Dugaan Peran Harun Masiku

Harun Masiku, yang hingga kini masih berstatus buronan KPK, diduga menjadi salah satu aktor utama dalam kasus ini. Meski sudah empat tahun berlalu sejak ia dinyatakan buron, keberadaan Harun hingga kini belum diketahui.

Firli memastikan bahwa KPK terus berupaya mencari Harun. “Kami tidak akan berhenti sampai Harun Masiku ditemukan. Upaya ini merupakan bagian penting untuk mengungkap seluruh aktor yang terlibat dalam kasus ini,” katanya.


Sanksi Hukum yang Dihadapi Hasto

Hasto Kristiyanto dijerat dengan Pasal 5 ayat (1) huruf a atau b dan/atau Pasal 13 Undang-Undang Nomor 31 Tahun 1999, sebagaimana telah diubah dengan UU No. 20 Tahun 2001 tentang Pemberantasan Tindak Pidana Korupsi.

Jika terbukti bersalah, Hasto terancam hukuman maksimal 20 tahun penjara dan denda maksimal Rp1 miliar. Selain itu, KPK juga membuka kemungkinan adanya tersangka baru berdasarkan pengembangan kasus ini.


Tanggapan PDI-P dan Publik

Partai Demokrasi Indonesia Perjuangan (PDI-P) menyatakan menghormati proses hukum yang sedang berlangsung. Sekretaris Bidang Hukum PDI-P, Arteria Dahlan, menegaskan bahwa partai mendukung langkah KPK untuk memberantas korupsi tanpa pandang bulu.

“Partai menyerahkan sepenuhnya proses hukum kepada KPK. Kami akan menunggu hasil penyidikan lebih lanjut untuk menentukan langkah organisasi terhadap saudara Hasto,” ujar Arteria.

Sementara itu, kasus ini memicu reaksi beragam dari publik. Banyak yang memuji langkah KPK sebagai upaya tegas untuk memberantas korupsi, tetapi ada pula yang mempertanyakan lambannya penanganan terhadap buronan Harun Masiku.

“Sudah bertahun-tahun Harun Masiku buron, dan sekarang baru Hasto ditetapkan sebagai tersangka.
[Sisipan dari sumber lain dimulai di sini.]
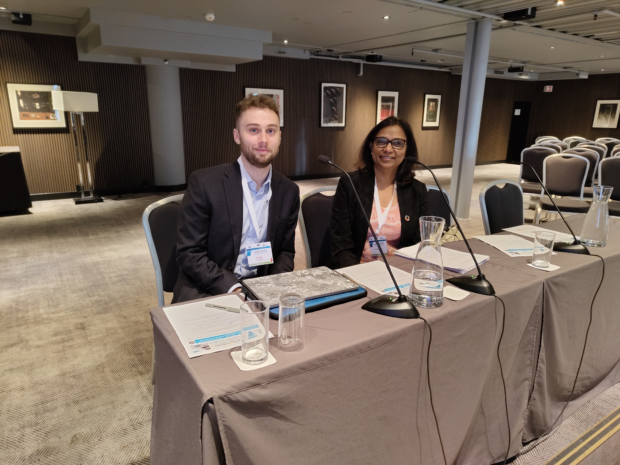 Joe Gibbs, Engineering Manager of Glasgow University’s OirthirSAT team at the 2023 IAF Global Space Conference on Climate Change.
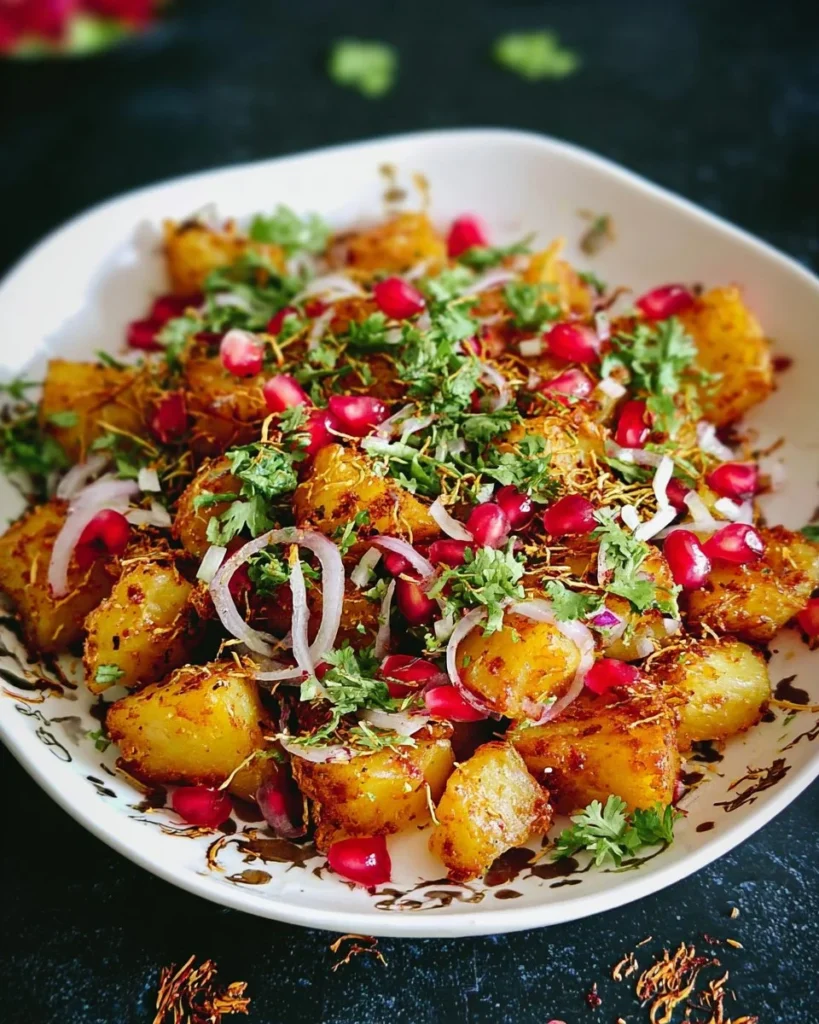 Delicious plate of Potato Chaat topped with spices and chutney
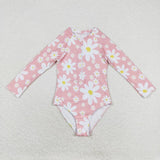 Long sleeves pink floral girls one pc summer swimsuit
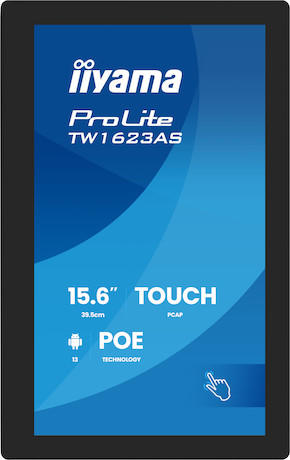 iiyama ProLite TW1623AS-B3P 16" PCAP 10-Punkt-Touchscreen-PC mit Android-Betriebssystem, Power-over-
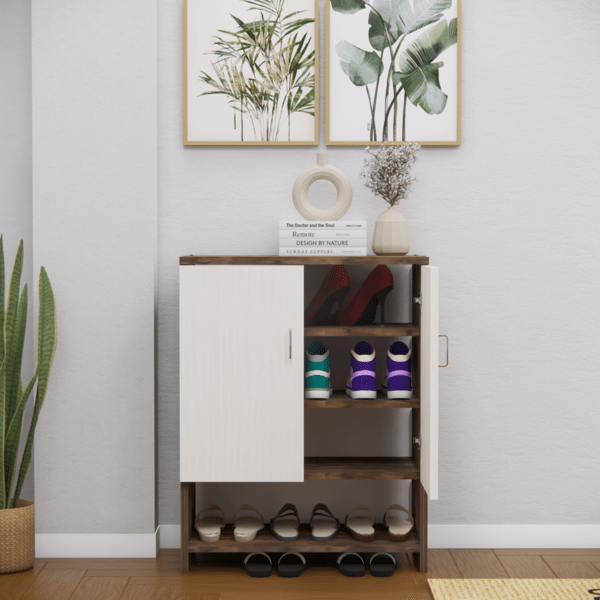 Multipurpose 2-Door Shoe Cabinet with 3 Closed Shelves & 1 Open Shelf – Highland Pine & Coachwood Brown Finish (DIY Assembly)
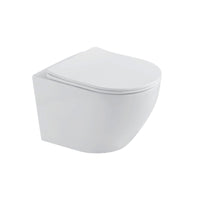 Inodoro Flotante Luna Redondo Blanco + Tapa De Asiento  (480X360X370) - Fratelli Premium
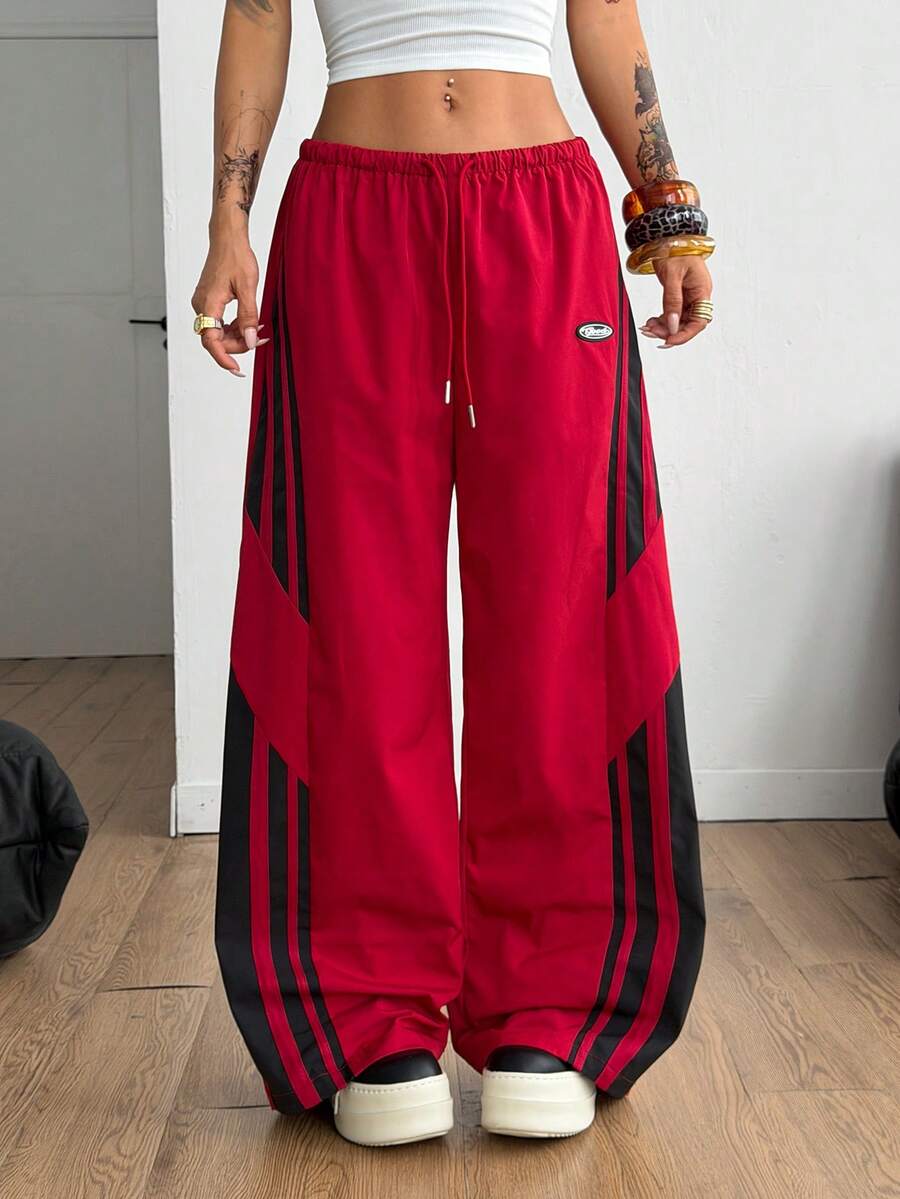 Women's Streetwear Color-Blocked Parachute Pants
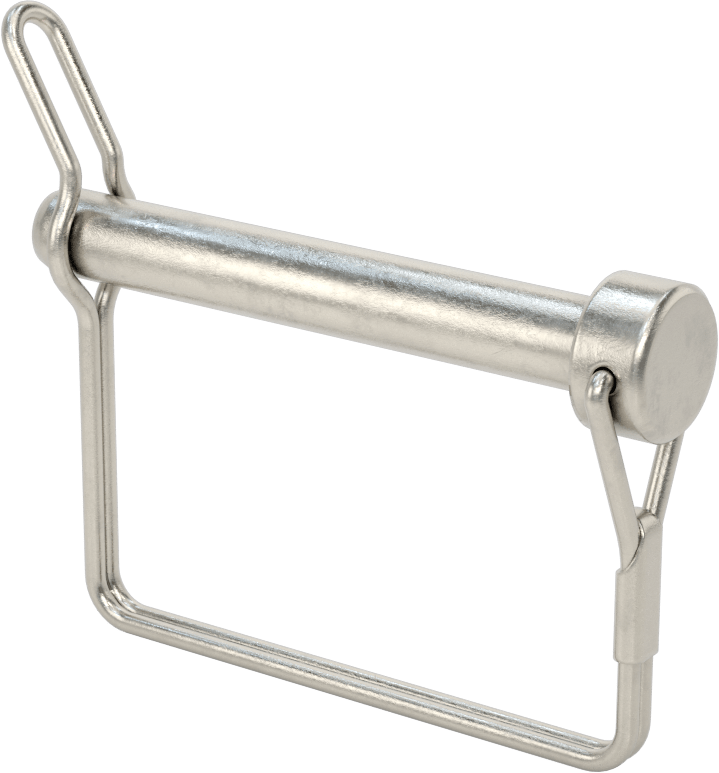 Tel Tutuculu 18-8 Paslanmaz Çelik Çatal Pim, Halka ve Tırnaklı Sqd, 3/8" Çap, 2-1/2" Kullanılabilir Uzunluk — 3⁄8", 2 1⁄2", Kare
Semoga ini menjadi langkah awal untuk menyelesaikan kasus ini sepenuhnya,” tulis seorang warganet di Twitter.


Kesimpulan

Penetapan Hasto Kristiyanto sebagai tersangka dalam kasus suap terkait Harun Masiku menjadi perkembangan penting dalam pemberantasan korupsi di Indonesia. Dengan bukti yang kuat dan proses hukum yang transparan, publik berharap kasus ini dapat dituntaskan hingga ke akar-akarnya.

Meskipun langkah ini diapresiasi, penanganan terhadap buron seperti Harun Masiku tetap menjadi tantangan besar bagi KPK. Kasus ini sekaligus menjadi pengingat bahwa integritas dan transparansi adalah kunci dalam menjaga kepercayaan publik terhadap institusi negara.